Cautionary Statement Regarding “Forward-Looking” Information
This news release contains “forward-looking information” within the meaning of applicable Canadian securities legislation. “Forward-looking information” includes, but is not limited to, statements with respect to the completion of the Mega Transaction; closing of the Arrangement and the Listing; the satisfaction or waiver of the closing conditions set out in the Purchase Agreement, including receipt of all regulatory approvals; the final approval of the Arrangement by the TSXV; the Company’s plans to initiate restart programs at its past producing mines in the U.S., undertake work programs at the Company’s projects in Canada, Australia and Argentina and pursue M&A opportunities; the appointment of Richard Patricio to the LUR Board following completion of the Mega Transaction; and other activities, events or developments that the Company expects or anticipates will or may occur in the future. Generally, but not always, forward-looking information and statements can be identified by the use of words such as “plans”, “expects”, “is expected”, “budget”, “scheduled”, “estimates”, “forecasts”, “intends”, “anticipates”, or “believes” or the negative connotation thereof or variations of such words and phrases or state that certain actions, events or results “may”, “could”, “would”, “might” or “will be taken”, “occur” or “be achieved” or the negative connotation thereof. Such forward-looking information and statements are based on numerous assumptions, including the ability of the parties to receive, in a timely manner and on satisfactory terms, the necessary regulatory approvals; the ability of the parties to satisfy, in a timely manner, the other conditions to the completion of the Mega Transaction, the Arrangement and the Listing; that general business and economic conditions will not change in a material adverse manner, that financing will be available if and when needed and on reasonable terms, and that third party contractors, equipment and supplies and governmental and other approvals required to conduct the Company’s planned exploration activities will be available on reasonable terms and in a timely manner. Although the assumptions made by the Company in providing forward-looking information or making forward-looking statements are considered reasonable by management at the time, there can be no assurance that such assumptions will prove to be accurate.

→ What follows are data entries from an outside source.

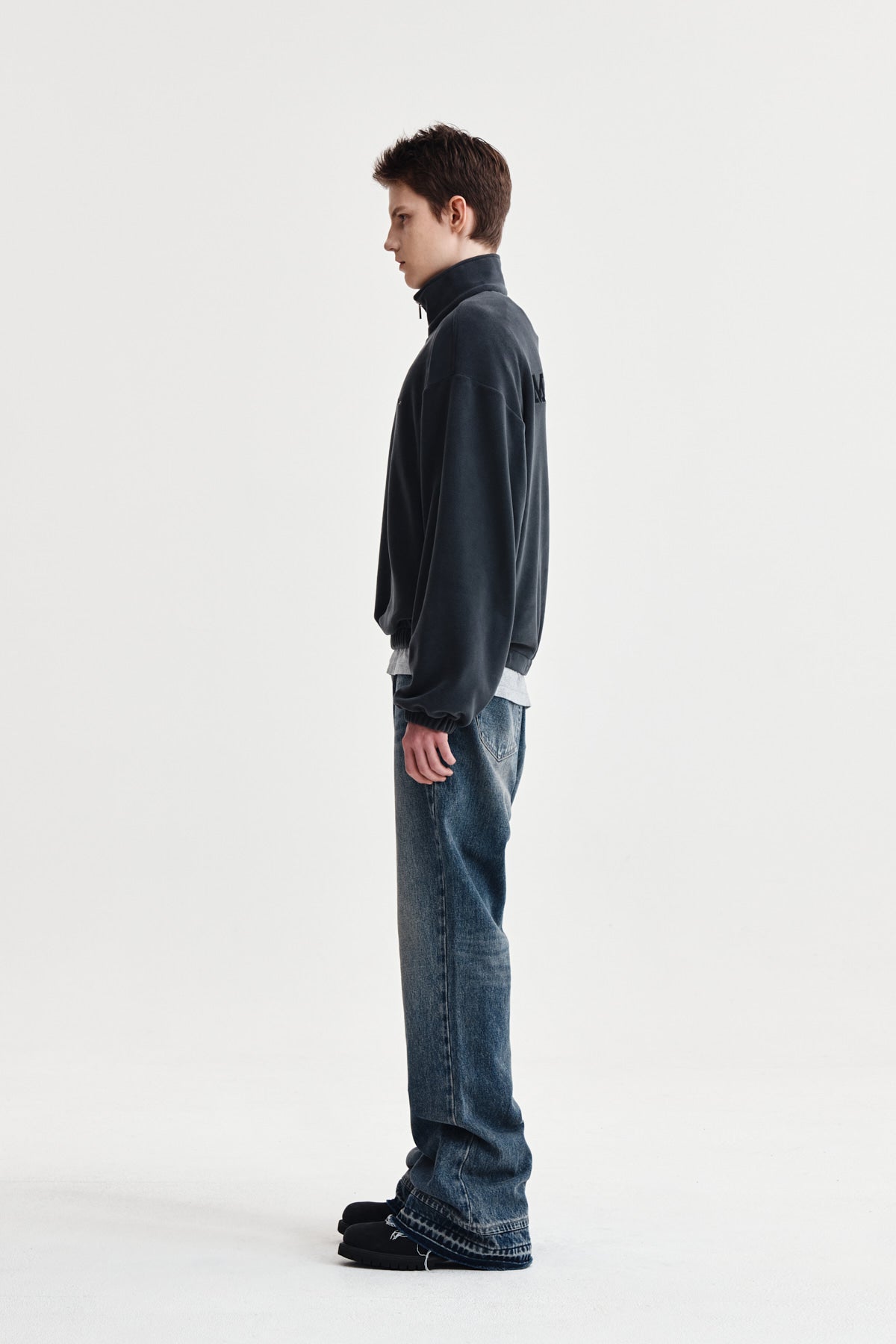 Matin Kim - Sherpa Fleece Half Zip Up Top (Charcoal) product image 11 | TRAB K-Fashion Australia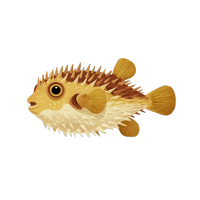 慵懒魨鱼插画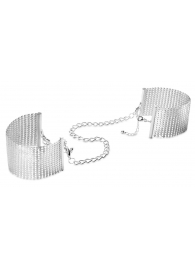Серебристые наручники-браслеты Desir Metallique Handcuffs - Bijoux Indiscrets - купить с доставкой в Северодвинске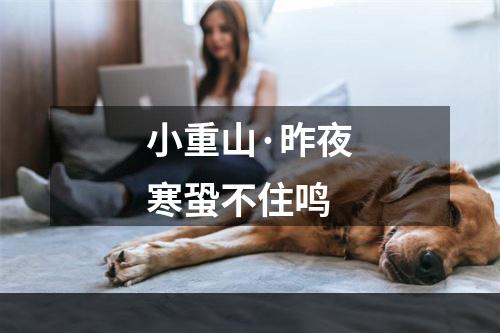 小重山·昨夜寒蛩不住鸣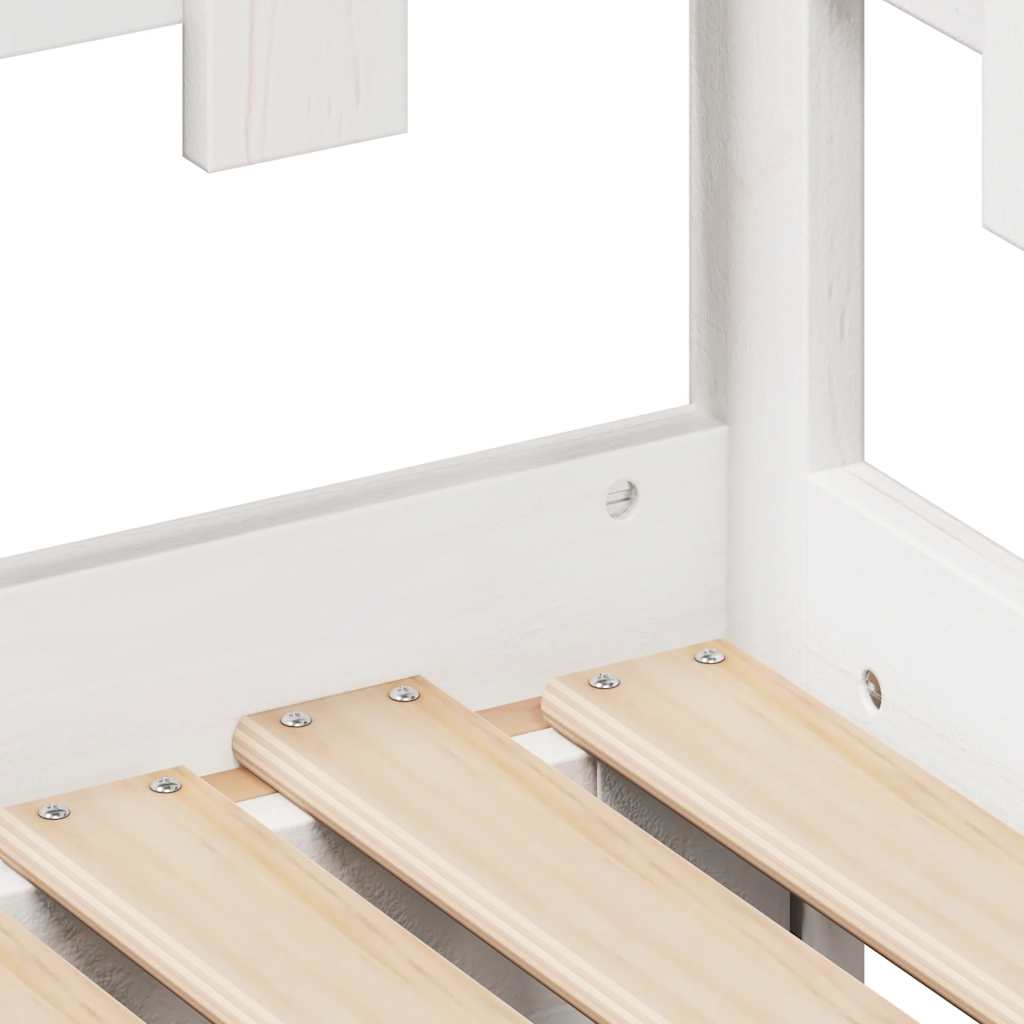 Uttrekkbar Dagseng Med Skuffer Uten Madrass Hvit 80X200 Cm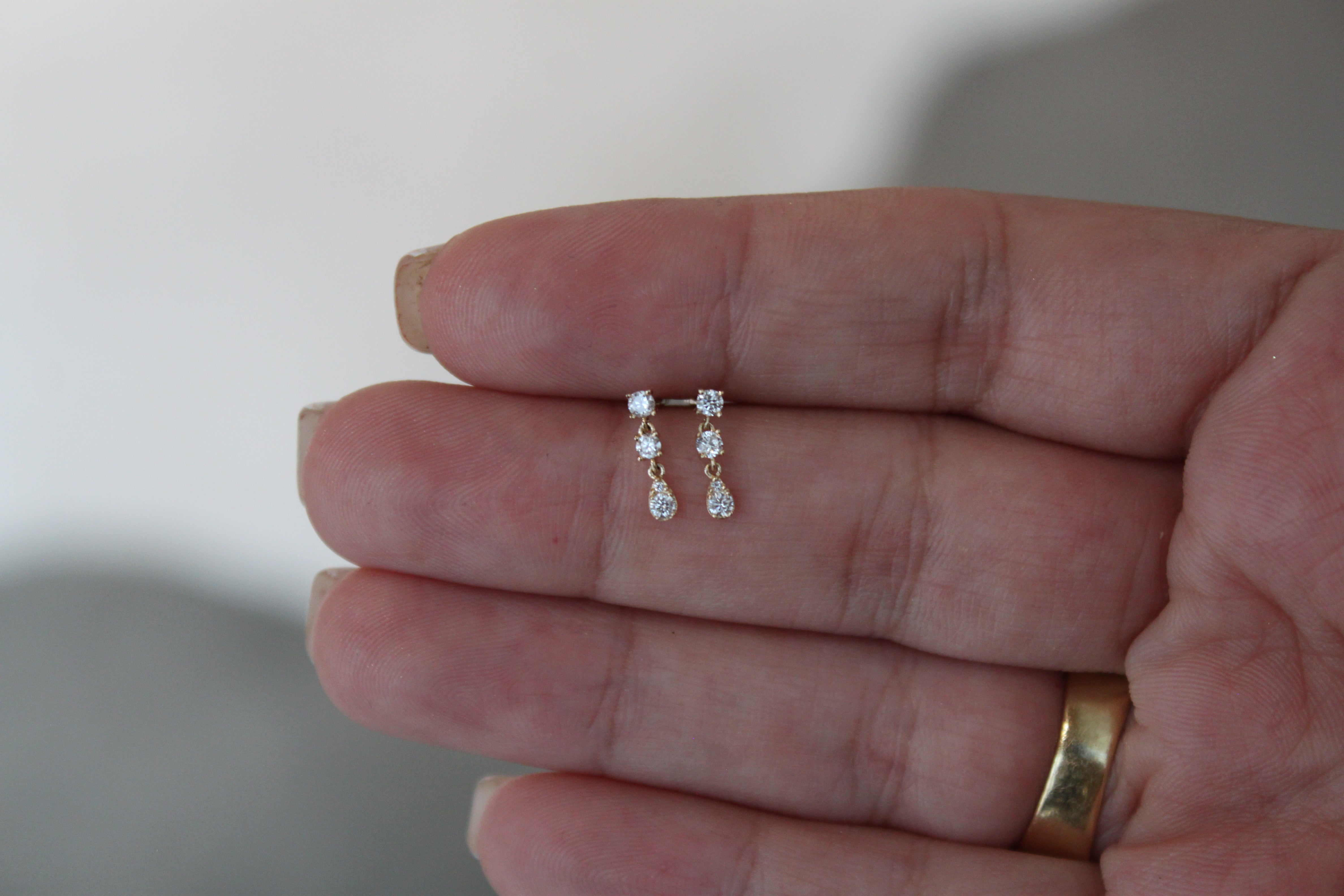 Diamond Dangle Stud Earrings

Forward-looking information and statements also involve known and unknown risks and uncertainties and other factors, which may cause actual events or results in future periods to differ materially from any projections of future events or results expressed or implied by such forward-looking information or statements, including, among others: the diversion of management time on Transaction-related issues; expectations regarding negative operating cash flow and dependence on third party financing, uncertainty of additional financing, no known mineral reserves or resources, reliance on key management and other personnel, potential downturns in economic conditions, actual results of exploration activities being different than anticipated, changes in exploration programs based upon results, and risks generally associated with the mineral exploration industry, environmental risks, changes in laws and regulations, community relations and delays in obtaining governmental or other approvals.
Although the Company has attempted to identify important factors that could cause actual results to differ materially from those contained in the forward-looking information or implied by forward-looking information, there may be other factors that cause results not to be as anticipated, estimated or intended. There can be no assurance that forward-looking information and statements will prove to be accurate, as actual results and future events could differ materially from those anticipated, estimated or intended. Accordingly, readers should not place undue reliance on forward-looking statements or information. The Company undertakes no obligation to update or reissue forward-looking information as a result of new information or events except as required by applicable securities laws.